___ Records for this task ___
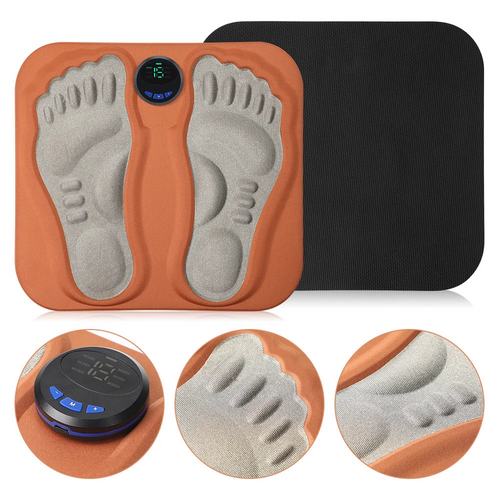 3D-Foot Massager Pad | Pain Relief for Tired Feet in Seconds – Convenient from Home | Bowlift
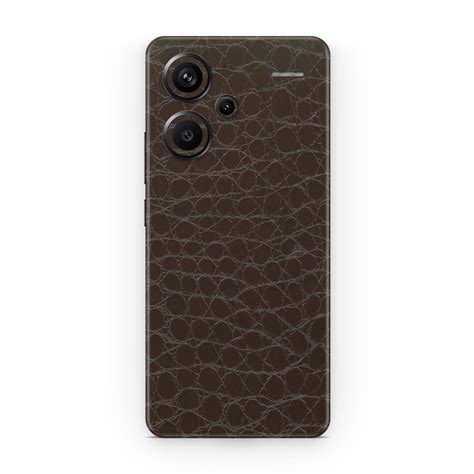 Redmi Note 13 Pro Plus Alligator Series Skins WrapitSkin The Ultimate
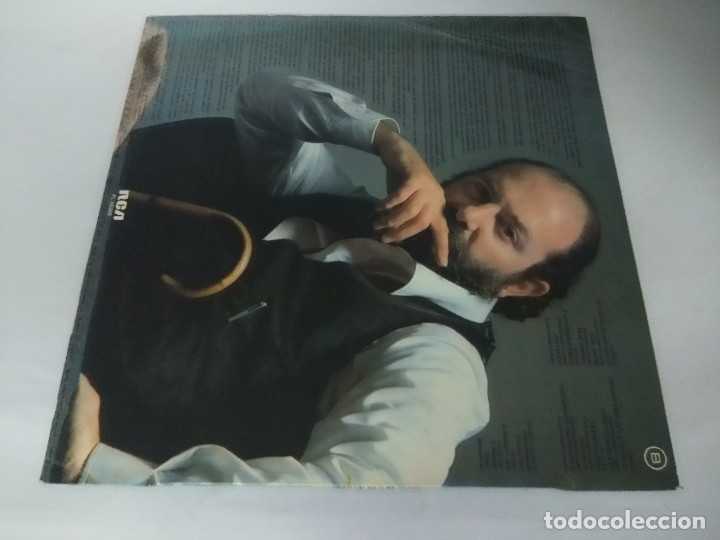 Discos de vinilo: VINILO/JERONIMO GRANDA/UN KILO DE VERSOS. - Foto 2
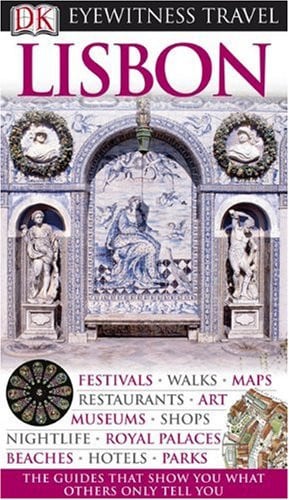 Lisbon (Eyewitness Travel Guides)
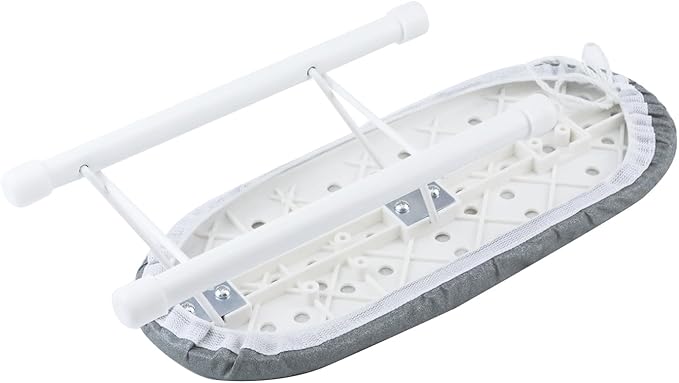 Oedema Portable Mini Ironing Board Foldable Ironing Board for Sleeves Collar Cuff (Style 1)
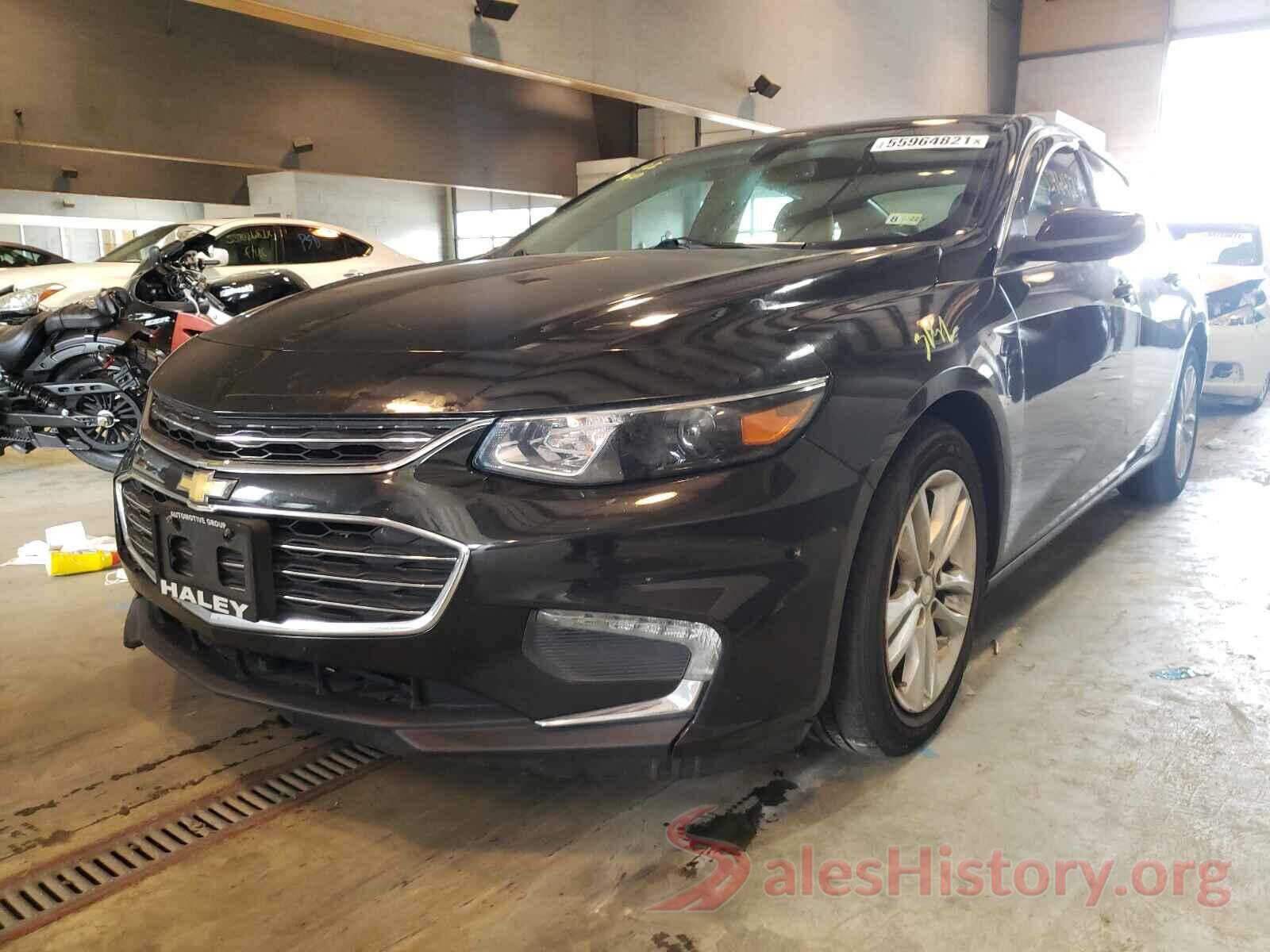 1G1ZE5ST6GF216125 2016 CHEVROLET MALIBU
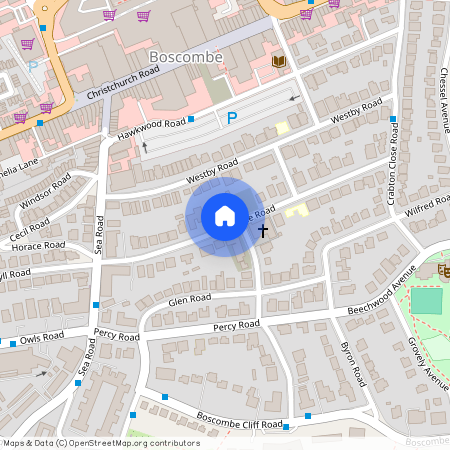 Albercourt, Bournemouth, BH5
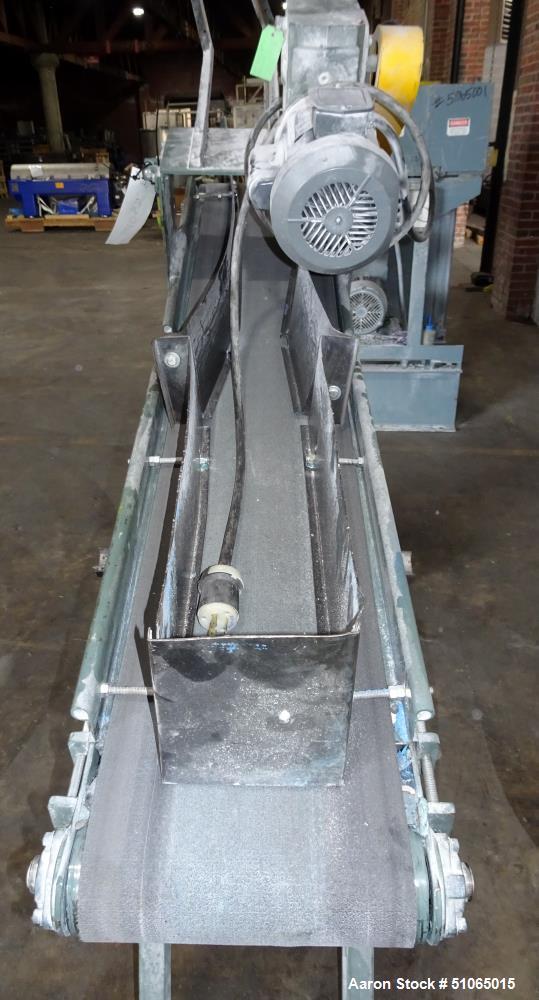 Used Hytrol Belt Conveyor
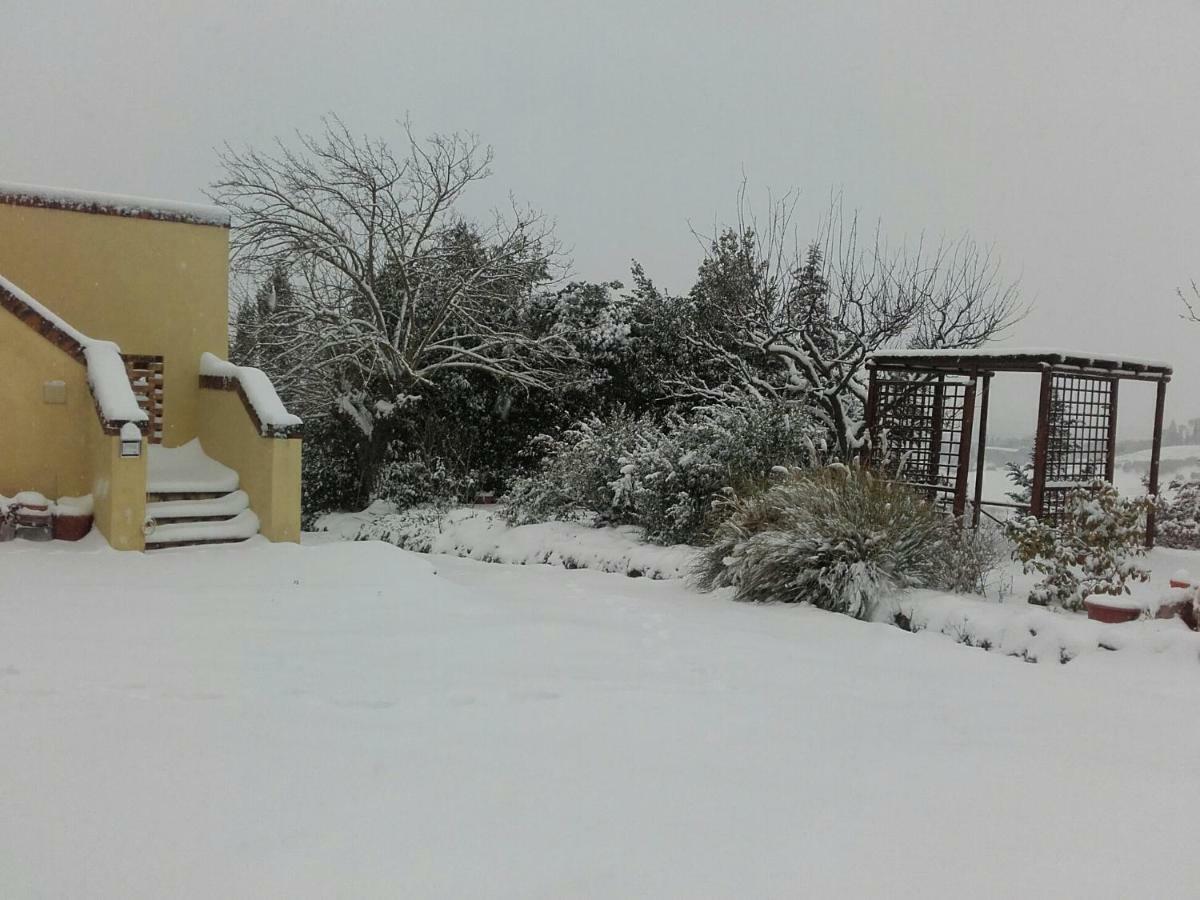 Vila Agriturismo Il Torrione Certaldo Exteriér fotografie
___
Work to be completed -
Your task is to copy exactly the lines from the line containing "Redmi Note 13" through the final line of the listing above and to omit every picture.

Answer to the exercise -
 Redmi Note 13 Pro Plus Alligator Series Skins WrapitSkin The Ultimate
 Discos de vinilo: VINILO/JERONIMO GRANDA/UN KILO DE VERSOS. - Foto 2
 Lisbon (Eyewitness Travel Guides)
 Oedema Portable Mini Ironing Board Foldable Ironing Board for Sleeves Collar Cuff (Style 1)
 1G1ZE5ST6GF216125 2016 CHEVROLET MALIBU
 Albercourt, Bournemouth, BH5
 Used Hytrol Belt Conveyor
 Vila Agriturismo Il Torrione Certaldo Exteriér fotografie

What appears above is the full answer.